[Directions] In the records below, repeat word for word only the lines starting at the one that contains "at a Glance" and ending at the one that contains "2026年世界杯最新排名解析与各强队竞争态势全面盘点 2", pictures excluded.
--- Data to examine Enclosed Below ---
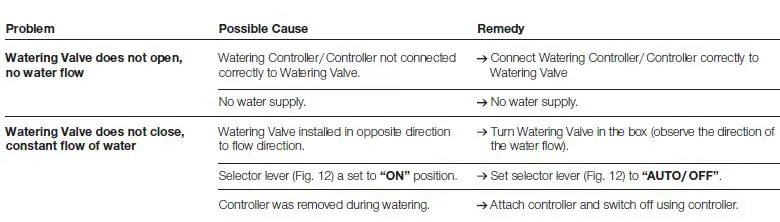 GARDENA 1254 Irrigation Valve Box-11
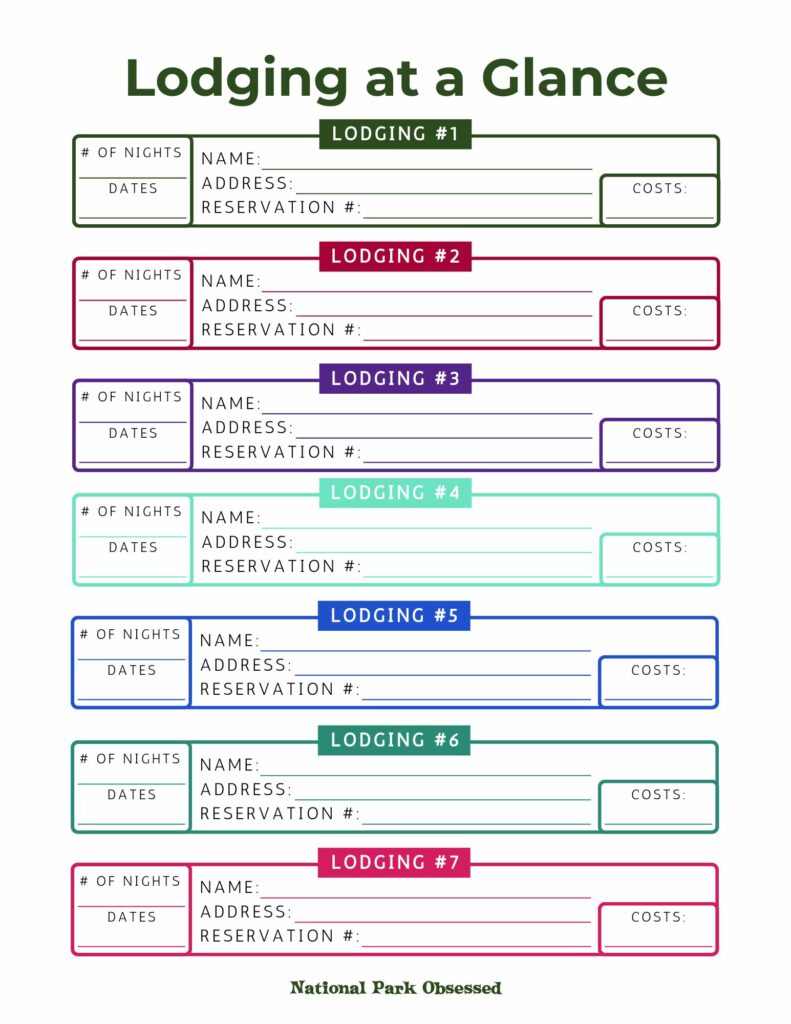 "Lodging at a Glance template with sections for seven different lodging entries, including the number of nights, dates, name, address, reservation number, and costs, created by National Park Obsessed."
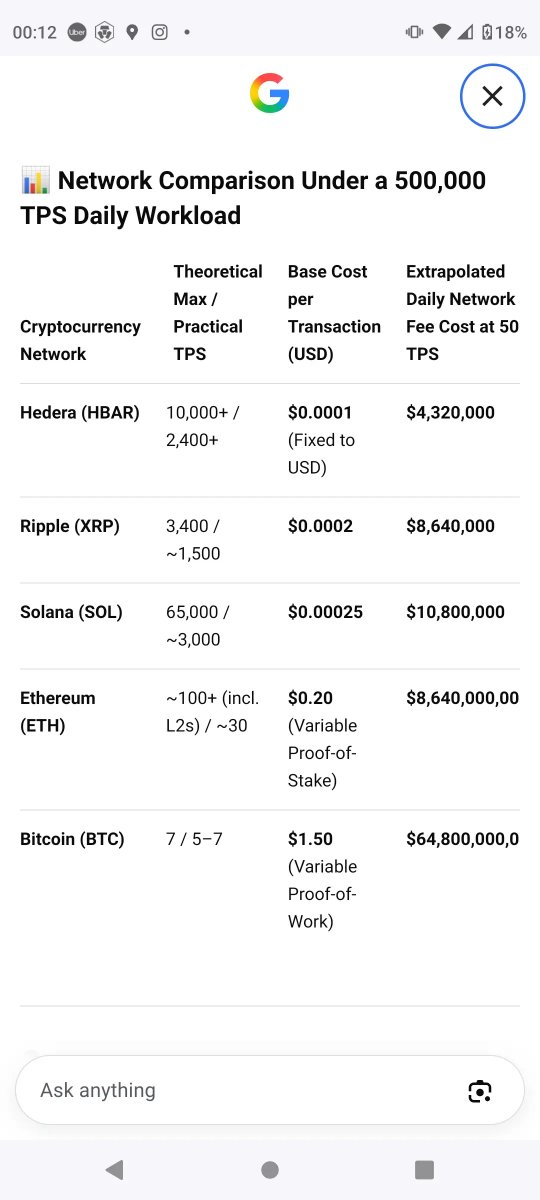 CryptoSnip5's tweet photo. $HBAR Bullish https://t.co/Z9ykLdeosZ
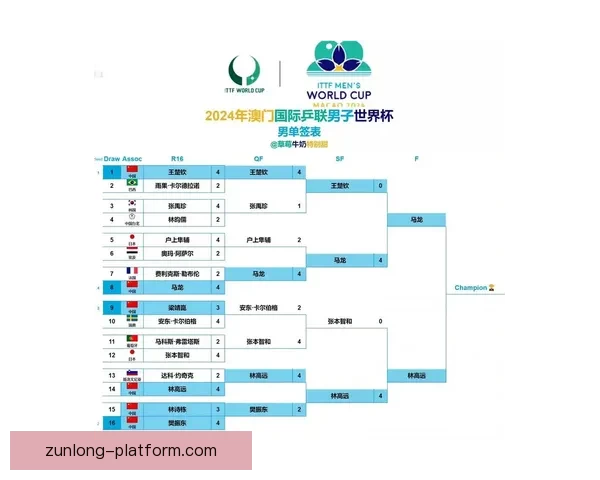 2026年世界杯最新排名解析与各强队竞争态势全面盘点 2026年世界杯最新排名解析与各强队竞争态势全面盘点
--- End of Enclosed Data to examine ---
--- Data to examine Enclosed Below ---
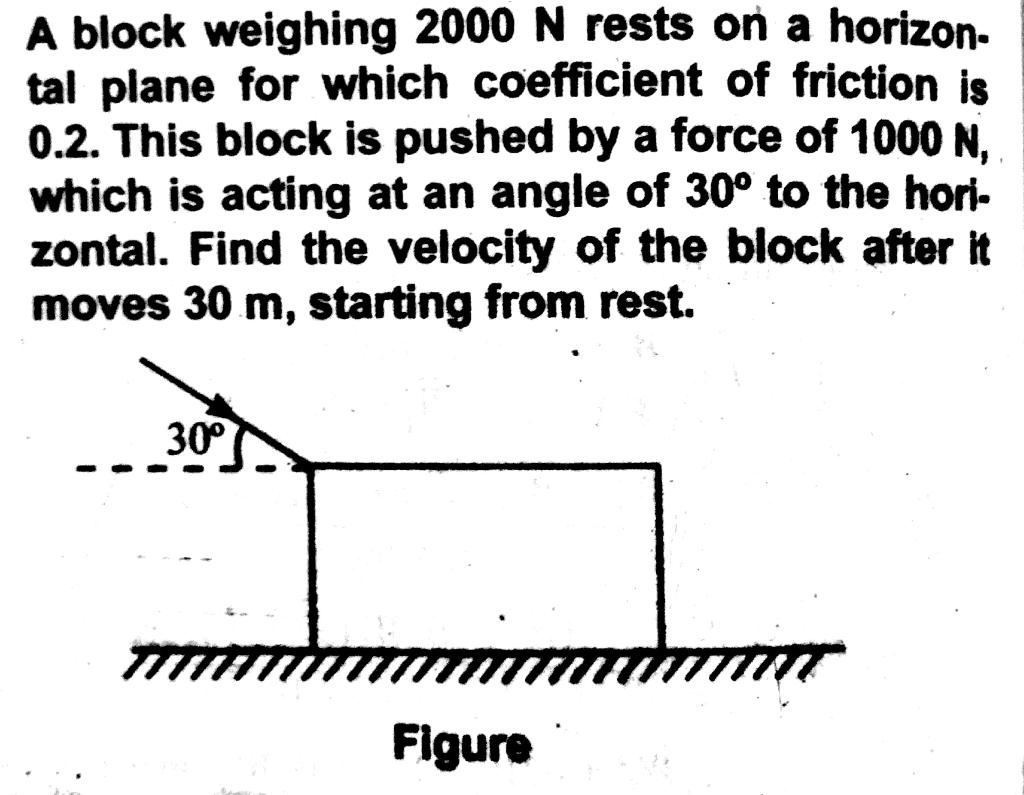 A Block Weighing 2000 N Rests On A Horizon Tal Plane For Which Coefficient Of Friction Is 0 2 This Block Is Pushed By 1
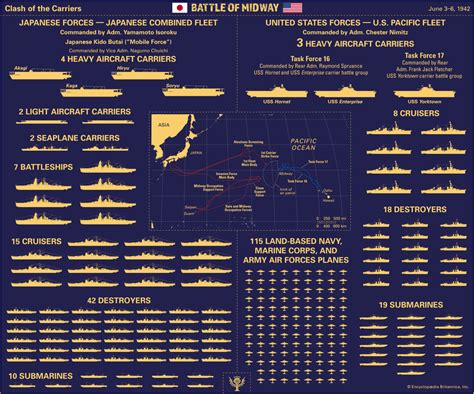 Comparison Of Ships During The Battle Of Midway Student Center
--- End of Enclosed Data to examine ---
[Solution for this exercise]
 "Lodging at a Glance template with sections for seven different lodging entries, including the number of nights, dates, name, address, reservation number, and costs, created by National Park Obsessed."
 CryptoSnip5's tweet photo. $HBAR Bullish https://t.co/Z9ykLdeosZ
 2026年世界杯最新排名解析与各强队竞争态势全面盘点 2026年世界杯最新排名解析与各强队竞争态势全面盘点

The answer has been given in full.